# hummingbird migration



## Old Coot (Oct 25, 2007)

It's just getting started. You can track it here.

http://hummingbirds.net/map.html


----------



## wyldkat49766 (Apr 21, 2007)

Heavens, I hope they stay south for a WHILE yet.


----------



## chinamigarden (Oct 21, 2005)

Another 5-6 weeks and they will be here.


----------



## Old Coot (Oct 25, 2007)

Almost to Tennessee


----------



## chinamigarden (Oct 21, 2005)

SE Michigan usually sees its first hummingbird by April 10th. I advise all my customers to put out the feeders by Tax Day.


----------



## Talkeetna (Apr 11, 2009)

We dont have any here. YET!


----------



## chinamigarden (Oct 21, 2005)

according to the migration map the first ones were spotted in SE Michigan on April 2nd. I had my feeder out the next day. No takers yet.


----------



## Talkeetna (Apr 11, 2009)

I feel bad for any hummingbirds that get here now, it is unfriendly weather.:sad:


----------



## wyldkat49766 (Apr 21, 2007)

Well I just got my feeders out and I "thought" I had cleaned them but apparently NOT. And hubby put them in a plastic bag for me and put them in the closet. Just got done cleaning the one and its out, the 2nd is soaking and I will wait until I see some activity before I put that one out.


----------



## chinamigarden (Oct 21, 2005)

Customers of mine are starting to report that they are seeing Hummingbirds in their yards. This is the Chesterfield/New Baltimore area.


----------



## wally-eye (Oct 27, 2004)

Had two at my feeders yesterday. 10 miles north of Fremont. I did see one other one last week......... 

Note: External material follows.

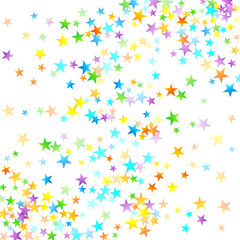 Rainbow Festive Confetti. Carnival Template. Colorful Star Falling. Beautiful Holidays Party. Little Tiny Multicolor Sprockets on White Background. Bright Vector Illustration.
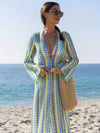 Cocolii robe longue en crochet décolleté plongeant imprimé à fleurie fendu manches longues bohème décontracté de plage pour l'été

Don't think the big migration has made it this far though......


----------



## Michigander1 (Apr 5, 2006)

Nothing on the huron river as of yet.But with the wind who would know :lol:


----------



## WALLEYE MIKE (Jan 7, 2001)

Wife put her feeder out today.


----------



## barryl (Apr 21, 2002)

WALLEYE MIKE said:


> Wife put her feeder out today.


----------



## barryl (Apr 21, 2002)

Mom and Dad in Burton Mi reported their first hummingbirds.


----------



## I'llbeoutside (Feb 2, 2003)

Put one of ours out yesterday. Got the wife a beautiful new glass feeder for one of her birthday presents. We don't usually see good numbers of them until we put out all of our flowers. That is usually around Mothers day.


----------



## 22 Chuck (Feb 2, 2006)

They willbe to the bridge by the weekend assuming no strong N winds.


----------



## Bonz 54 (Apr 17, 2005)

We've had our feeders (3) out since the 10th and haven't seen anything yet.:sad: FRANK


----------



## Happy Jack (Jan 21, 2003)

Put the feeder out a week ago. Saw my first yesterday.


----------



## wally-eye (Oct 27, 2004)

Funny the only one's I've been seeing are males........... Have a male sitting on the feeder as I write this.


----------